My friend called me last week. His name is “Snake Eyes.” He’s a good guy. He’s also a killing machine. I don’t think he’s ever actually killed anyone. I’m pretty sure his friends have. They were in special forces. Who knows with these guys anyway? If they’re bragging about something as dour as that you have to question their credibility. Not that I’ve ever heard them bragging about it. In fact I’ve never talked to any of them directly about. I’m afraid to ask. Partially because I don’t want to know, and partially because I’m afraid they might jump out of their seat and give me a fatal RKO through the dining room table for asking too many questions about it.

But I digress…

My friend is a martial artist. He studies ninjitsu. So that makes him a ninja. And he’s a black belt, so I think he can probably kill someone pretty easily if he wanted to. At least I imagine he can. We joke about it. I secretly hope he doesn’t kill me.

Request The Wind

“What’s new?” he asks.

I rattle off a list of meaningless nothings. I have little in the way of substance to offer in answer to his inquiry. There is, for all intents and purposes, “nothing new” in my life at the moment.

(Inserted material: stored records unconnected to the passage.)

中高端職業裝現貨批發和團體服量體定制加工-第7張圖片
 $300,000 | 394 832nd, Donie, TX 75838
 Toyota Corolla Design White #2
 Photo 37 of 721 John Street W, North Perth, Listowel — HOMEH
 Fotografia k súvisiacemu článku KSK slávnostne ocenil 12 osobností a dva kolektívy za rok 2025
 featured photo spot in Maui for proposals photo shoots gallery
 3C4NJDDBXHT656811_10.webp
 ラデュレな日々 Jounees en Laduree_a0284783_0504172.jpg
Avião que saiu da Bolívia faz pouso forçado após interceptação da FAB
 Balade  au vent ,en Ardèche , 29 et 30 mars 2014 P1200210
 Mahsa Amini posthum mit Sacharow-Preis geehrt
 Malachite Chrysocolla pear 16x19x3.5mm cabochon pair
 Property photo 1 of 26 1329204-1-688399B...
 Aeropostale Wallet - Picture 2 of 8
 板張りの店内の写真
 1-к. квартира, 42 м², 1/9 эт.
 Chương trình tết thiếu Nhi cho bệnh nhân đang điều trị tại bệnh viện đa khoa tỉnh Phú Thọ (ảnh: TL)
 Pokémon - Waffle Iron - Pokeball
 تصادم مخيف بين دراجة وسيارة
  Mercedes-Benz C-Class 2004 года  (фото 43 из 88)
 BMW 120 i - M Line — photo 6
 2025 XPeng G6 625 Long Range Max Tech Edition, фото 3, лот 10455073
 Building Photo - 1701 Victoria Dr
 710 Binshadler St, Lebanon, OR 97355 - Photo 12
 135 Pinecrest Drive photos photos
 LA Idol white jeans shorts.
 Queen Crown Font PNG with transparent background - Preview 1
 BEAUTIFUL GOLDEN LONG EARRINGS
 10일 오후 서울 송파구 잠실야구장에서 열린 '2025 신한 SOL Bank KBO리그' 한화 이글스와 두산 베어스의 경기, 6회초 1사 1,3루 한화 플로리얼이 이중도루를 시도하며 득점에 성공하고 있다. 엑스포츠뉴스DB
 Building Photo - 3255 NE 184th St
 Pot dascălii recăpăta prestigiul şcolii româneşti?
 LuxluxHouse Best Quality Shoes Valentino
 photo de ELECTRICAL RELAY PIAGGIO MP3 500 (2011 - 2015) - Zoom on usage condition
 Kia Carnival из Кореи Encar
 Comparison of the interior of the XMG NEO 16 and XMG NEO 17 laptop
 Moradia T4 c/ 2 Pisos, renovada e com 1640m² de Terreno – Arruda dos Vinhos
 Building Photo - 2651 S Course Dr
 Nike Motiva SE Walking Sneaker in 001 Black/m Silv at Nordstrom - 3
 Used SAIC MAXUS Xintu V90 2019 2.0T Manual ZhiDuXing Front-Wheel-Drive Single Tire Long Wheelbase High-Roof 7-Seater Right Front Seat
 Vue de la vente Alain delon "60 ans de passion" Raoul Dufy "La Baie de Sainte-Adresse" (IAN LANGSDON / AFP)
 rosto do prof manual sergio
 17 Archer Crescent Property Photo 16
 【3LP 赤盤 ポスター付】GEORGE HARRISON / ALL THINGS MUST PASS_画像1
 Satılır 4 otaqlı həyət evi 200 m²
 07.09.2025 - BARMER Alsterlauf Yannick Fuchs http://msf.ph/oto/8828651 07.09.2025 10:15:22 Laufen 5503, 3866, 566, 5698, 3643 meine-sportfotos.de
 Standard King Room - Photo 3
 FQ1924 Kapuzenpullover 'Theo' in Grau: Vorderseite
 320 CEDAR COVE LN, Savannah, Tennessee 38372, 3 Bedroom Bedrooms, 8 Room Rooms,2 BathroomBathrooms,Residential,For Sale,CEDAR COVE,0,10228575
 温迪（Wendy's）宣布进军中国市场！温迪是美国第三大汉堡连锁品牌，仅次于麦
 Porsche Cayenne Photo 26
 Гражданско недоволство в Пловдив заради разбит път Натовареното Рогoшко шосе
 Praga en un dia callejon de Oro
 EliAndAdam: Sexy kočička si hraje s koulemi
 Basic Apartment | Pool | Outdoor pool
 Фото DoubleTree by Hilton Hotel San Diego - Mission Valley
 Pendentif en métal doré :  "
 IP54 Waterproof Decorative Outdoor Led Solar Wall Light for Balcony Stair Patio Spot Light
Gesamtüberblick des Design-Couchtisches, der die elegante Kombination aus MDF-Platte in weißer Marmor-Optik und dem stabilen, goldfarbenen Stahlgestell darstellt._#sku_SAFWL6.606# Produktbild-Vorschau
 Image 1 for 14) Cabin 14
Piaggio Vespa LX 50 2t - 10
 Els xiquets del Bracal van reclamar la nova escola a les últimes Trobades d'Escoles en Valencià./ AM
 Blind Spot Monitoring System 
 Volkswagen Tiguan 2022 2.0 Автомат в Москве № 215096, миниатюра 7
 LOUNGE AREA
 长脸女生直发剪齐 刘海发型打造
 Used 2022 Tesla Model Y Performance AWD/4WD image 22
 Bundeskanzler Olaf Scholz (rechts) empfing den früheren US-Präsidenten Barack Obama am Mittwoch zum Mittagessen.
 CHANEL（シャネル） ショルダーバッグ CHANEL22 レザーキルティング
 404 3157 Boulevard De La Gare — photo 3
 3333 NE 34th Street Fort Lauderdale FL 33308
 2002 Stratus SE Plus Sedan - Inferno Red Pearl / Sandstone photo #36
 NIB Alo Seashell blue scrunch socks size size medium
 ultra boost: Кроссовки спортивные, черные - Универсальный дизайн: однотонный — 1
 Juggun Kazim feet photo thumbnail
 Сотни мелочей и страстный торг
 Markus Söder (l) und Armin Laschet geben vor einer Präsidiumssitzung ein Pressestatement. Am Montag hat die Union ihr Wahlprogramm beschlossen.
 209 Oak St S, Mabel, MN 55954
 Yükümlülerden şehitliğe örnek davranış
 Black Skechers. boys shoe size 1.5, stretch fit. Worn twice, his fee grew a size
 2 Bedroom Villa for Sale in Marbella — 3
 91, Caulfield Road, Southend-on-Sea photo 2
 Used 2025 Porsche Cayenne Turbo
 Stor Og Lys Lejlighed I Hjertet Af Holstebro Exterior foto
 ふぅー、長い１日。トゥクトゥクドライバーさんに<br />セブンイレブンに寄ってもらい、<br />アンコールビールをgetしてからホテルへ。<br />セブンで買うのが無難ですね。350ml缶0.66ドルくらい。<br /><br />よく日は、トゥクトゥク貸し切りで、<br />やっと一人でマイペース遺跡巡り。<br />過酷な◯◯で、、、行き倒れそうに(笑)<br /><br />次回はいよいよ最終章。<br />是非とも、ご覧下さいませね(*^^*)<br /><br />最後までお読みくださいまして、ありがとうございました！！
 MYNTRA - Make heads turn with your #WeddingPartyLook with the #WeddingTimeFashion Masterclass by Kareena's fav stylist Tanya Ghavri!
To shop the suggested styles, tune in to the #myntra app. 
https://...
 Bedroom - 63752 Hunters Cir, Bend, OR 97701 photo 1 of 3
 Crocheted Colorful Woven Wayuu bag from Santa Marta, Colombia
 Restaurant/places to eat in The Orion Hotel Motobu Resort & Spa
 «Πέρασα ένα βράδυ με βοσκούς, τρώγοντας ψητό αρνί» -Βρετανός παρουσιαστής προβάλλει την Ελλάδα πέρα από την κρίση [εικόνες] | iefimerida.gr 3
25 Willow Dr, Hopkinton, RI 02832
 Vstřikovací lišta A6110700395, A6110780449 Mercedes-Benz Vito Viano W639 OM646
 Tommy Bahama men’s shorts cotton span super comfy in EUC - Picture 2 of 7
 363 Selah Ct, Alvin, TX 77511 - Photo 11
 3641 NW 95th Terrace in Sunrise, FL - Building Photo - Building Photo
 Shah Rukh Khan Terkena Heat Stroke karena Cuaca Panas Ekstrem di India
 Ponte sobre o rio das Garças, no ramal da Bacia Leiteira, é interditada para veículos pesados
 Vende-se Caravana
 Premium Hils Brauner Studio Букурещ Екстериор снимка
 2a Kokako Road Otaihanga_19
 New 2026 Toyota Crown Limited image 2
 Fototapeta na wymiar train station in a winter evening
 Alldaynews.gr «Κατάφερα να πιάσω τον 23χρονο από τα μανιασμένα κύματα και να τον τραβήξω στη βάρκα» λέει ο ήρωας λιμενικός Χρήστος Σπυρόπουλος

There’s an awkward pause. In it I feel the ramp up to a request. My friend wants something from me. I can tell before the words leave his lips and dissolve digitally into the cellular wind-waves meant for my iPhone 3Gs. I perk up and make myself alert. It’s not like him to ask; he’s pretty self-sufficient. In fact, I’m even a little nervous. He has my attention.

He has a concern. A woe. A worry. He finds himself in the precarious position of wanting motivation. This person, who has taken himself from a bad situation growing up in a filthy excuse for a suburb outside of Boston and carved himself out of granite into the model of a man, is in a confusing spot. It happens. And me being a well-worn traveler in the land of “no motivation” understands not only does that place suck, it can also prove fatal for one’s interests and projects. Apathy is unacceptable. We must stomp this out before it spreads.

Specifically he is concerned about his business – a consultancy of sorts. His creation stands before him like a monolith refusing to budge.

He is, as he put it, sitting on a sailboat without wind, motor or oars. Adrift on the motionless waters of life he turns to his trusty cell phone for help. Perhaps, in the magic that exists between friends who know and understand each other well, he can summon the winds to move his tiny boat again toward the promise land of a business well-built and hell-bent on helping people in the best way he can while making a decent living.

So he needs wind in his sails. No problem. If there’s one thing I’ve got plenty of it’s wind, even if it is in the form of blowing hot air. (NOTE: This is not a reference to flatulence. It’s an idiom. And it’s used sarcastically in a self-deprecating way. And if I really needed to clarify that for you try to keep up, will you?)